DATA SHOWN —

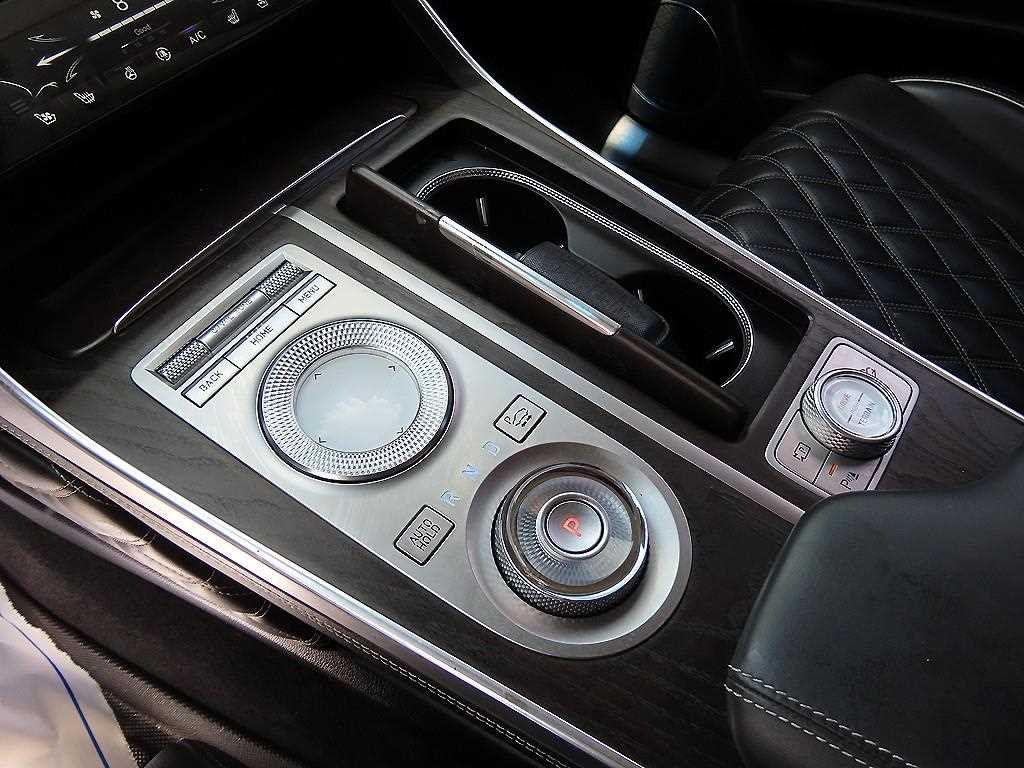Genesis GV80 — photo 11
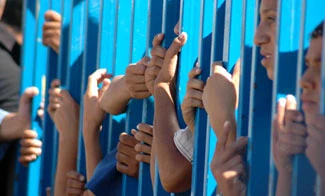 Israel blocking road to Palestinian patients
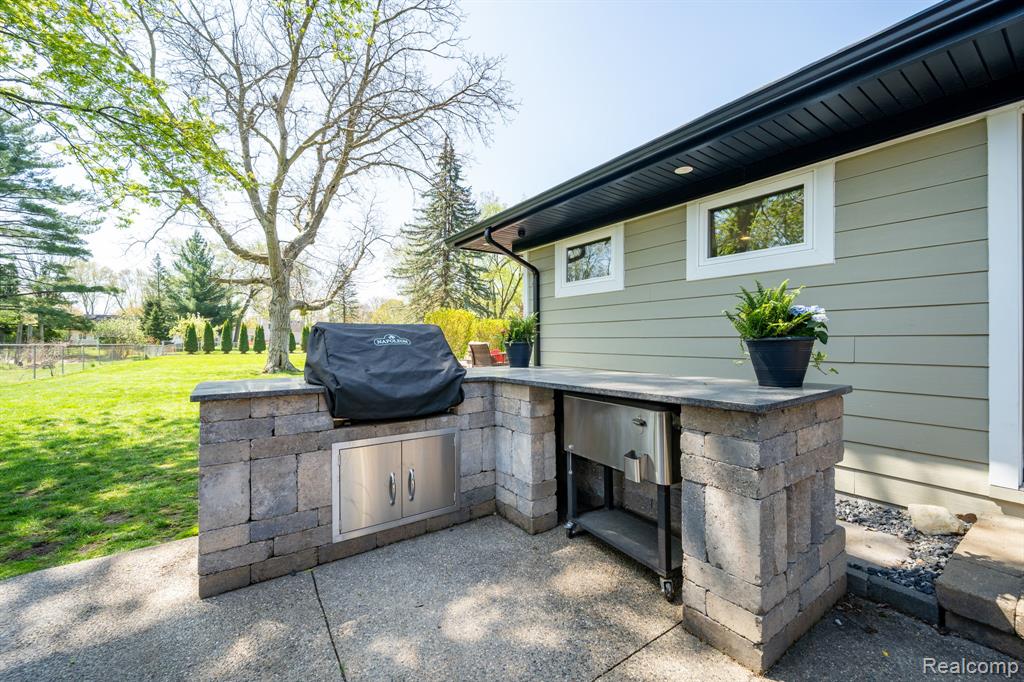 1220 Genesee Drive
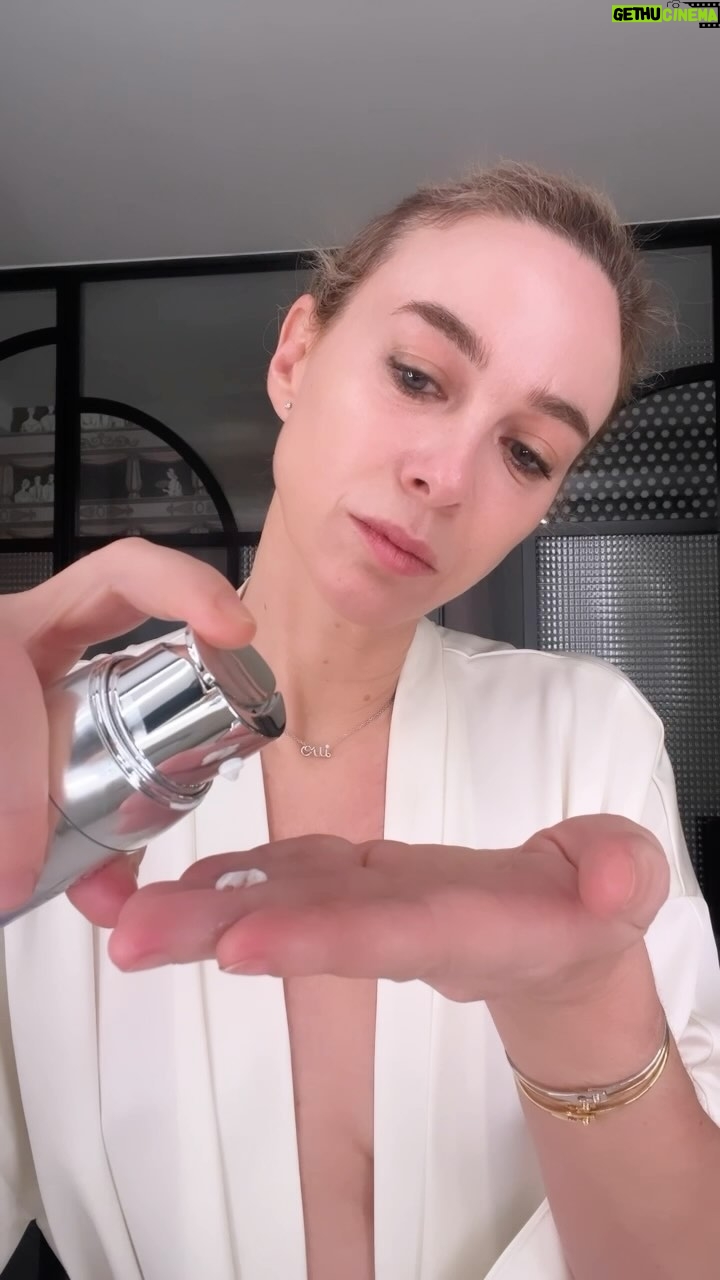 Marta Hazas Instagram - PUBLI. Mi rutina favorita Rénergie de @lancome.official ahora en 3 pasos con el nuevo lanzamiento RENERGIE H.C.F TRIPLE SERUM OJOS : PASO 1: RÉNERGIE H.C.F. TRIPLE SERUM de alta eficacia antiedad PASO 2: RENERGIE H.C.F TRIPLE SERUM OJOS la novedad para reducir líneas de expresión, bolsas y dar luminosidad al contorno de ojos. Con efecto lifting! PASO 3: RÉNERGIE H.C.N. 300 PEPTIDE CREAM Mi crema regeneradora antiedad que ya conocéis Con este triplete es muy fácil tener una piel de cine, gracias a sus poderosos ingredientes -ÁCIDO HIALURÓNICO -VITAMINA C NIACINAMIDA -VITAMINA F: SUAVIZA LA PIEL DEL CONTORNO DE LOS OJOS . @beautyexpertlancome #SKINCARE #MYRENERGIETREATMENT #embajadora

WHAT TO PRODUCE — Print the full listing above exactly. Pictures stay out of the copy.

EXPECTED ANSWER —
Genesis GV80 — photo 11
 Israel blocking road to Palestinian patients
 1220 Genesee Drive
 Marta Hazas Instagram - PUBLI. Mi rutina favorita Rénergie de @lancome.official ahora en 3 pasos con el nuevo lanzamiento RENERGIE H.C.F TRIPLE SERUM OJOS : PASO 1: RÉNERGIE H.C.F. TRIPLE SERUM de alta eficacia antiedad PASO 2: RENERGIE H.C.F TRIPLE SERUM OJOS la novedad para reducir líneas de expresión, bolsas y dar luminosidad al contorno de ojos. Con efecto lifting! PASO 3: RÉNERGIE H.C.N. 300 PEPTIDE CREAM Mi crema regeneradora antiedad que ya conocéis Con este triplete es muy fácil tener una piel de cine, gracias a sus poderosos ingredientes -ÁCIDO HIALURÓNICO -VITAMINA C NIACINAMIDA -VITAMINA F: SUAVIZA LA PIEL DEL CONTORNO DE LOS OJOS . @beautyexpertlancome #SKINCARE #MYRENERGIETREATMENT #embajadora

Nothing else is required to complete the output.